The Plough Inn Eaton Bray
The Plough about 1910 [Z50/39/43]
The Plough Public House: corner of Harling Road and Tring Road, Eaton Bray
The former Plough stands a long way from the village of Eaton Bray on Tring Road, also known as Icknield Way, in an area known as Valance End. According to the countywide licensing register of 1876 the Plough first opened in 1830. It is certainly not listed in the earliest surviving countywide registers which date from 1822 to 1828 [CLP13]. It probably started as a beerhouse because it is first listed by name in a directory of 1864, those of 1847, 1852, 1853 and 1862 do not list it – directories at this date listed public houses by name and beerhouses simply by the name of the proprietor with the listing “beer retailer” or “beer seller”. As there were a number of beerhouses in Eaton Bray at the time it is not possible to say who the licensee was before 1864. If the Plough is not listed by name in 1862 but is listed in 1864 this suggests that it became a fully licensed public house in one of those years or in 1863.

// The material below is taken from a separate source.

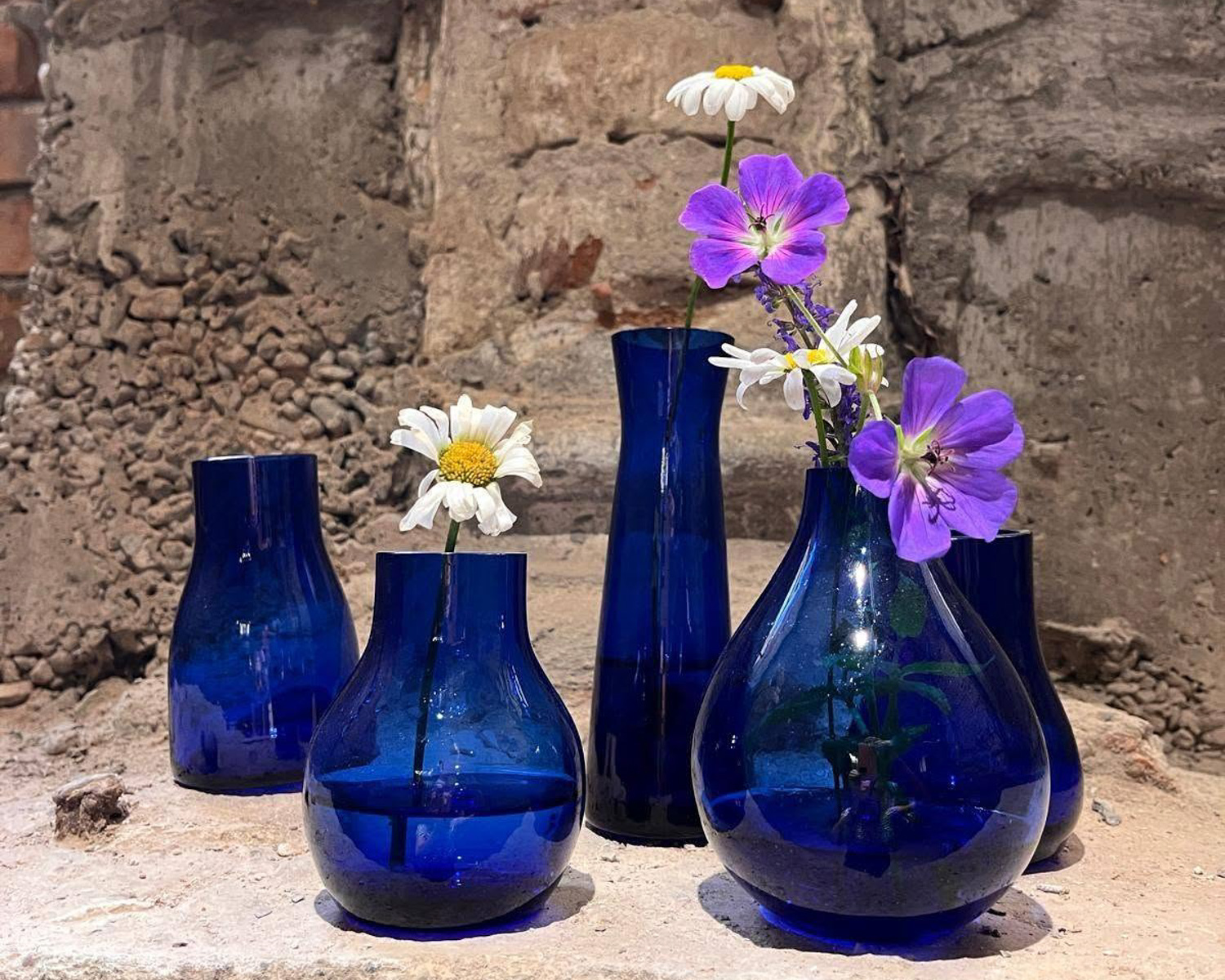 Handblown blue glass vases with wildflowers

The owner in 1876 was Ivinghoe [Buckinghamshire] brewer Roberts and Wilson. They were still the owner listed in the countywide register of 1891 but were then leasing the Plough to Dunstable brewer Benjamin Bennett, for £22/9/- per annum. The publican, the appropriately named John Farmer, was evidently the sub-tenant.
By the time of the countywide register of 1903 Roberts and Wilson were leasing the Plough directly to the publican again and the rent was £12 per annum. The place was, according to the register, “clean and in fairly good repair”. It was 1 mile, 352 yards to the nest licensed premises and the pub had one front and one back door with a side gate to a yard.
In 1922 [BH/2/77/10] Frances Wilson of Belmont Lodge, Stanmore [Middlesex], widow [of Roberts and Wilson] surrendered 31 perches of land in Street Furlong. The description of the land, which cannot have changed for over half a century, still refers to the Plough as a beerhouse and states that it was “formerly erected by John Varney” and had been formerly in the occupation of John Scott junior, then Joseph Wallace then James Pratt. Pratt was the licensee in 1876. We might infer from this that Varney was the first licensee but, of course, he may have built the premises which only became a public house at a later date.
The Rating and Valuation Act 1925 specified that every building and piece of land in the country was to be assessed to determine its rateable value. Eaton Bray, like most of the county was assessed in 1927. The valuer visiting the Plough [DV1/C203/52] found it still owned by Roberts and Wilson. He commented: "Rough cast. Kept exceptionally attractive”. The brick and slate building comprised a tap room (“very nice”), living room and smoke room combined, a kitchen and pantry. Three bedrooms lay upstairs. Outside stood a brick and slate shelter by the house (“can be closed as store) as well as a stable for two horses (“disused”). There were also three weather-boarded and slated barns used as stores and a large weather-boarded and corrugated iron barn used for lumber. The landlord also rented two grass fields – of 1.5 acres and 4.002 acres and an orchard of 3.994 acres.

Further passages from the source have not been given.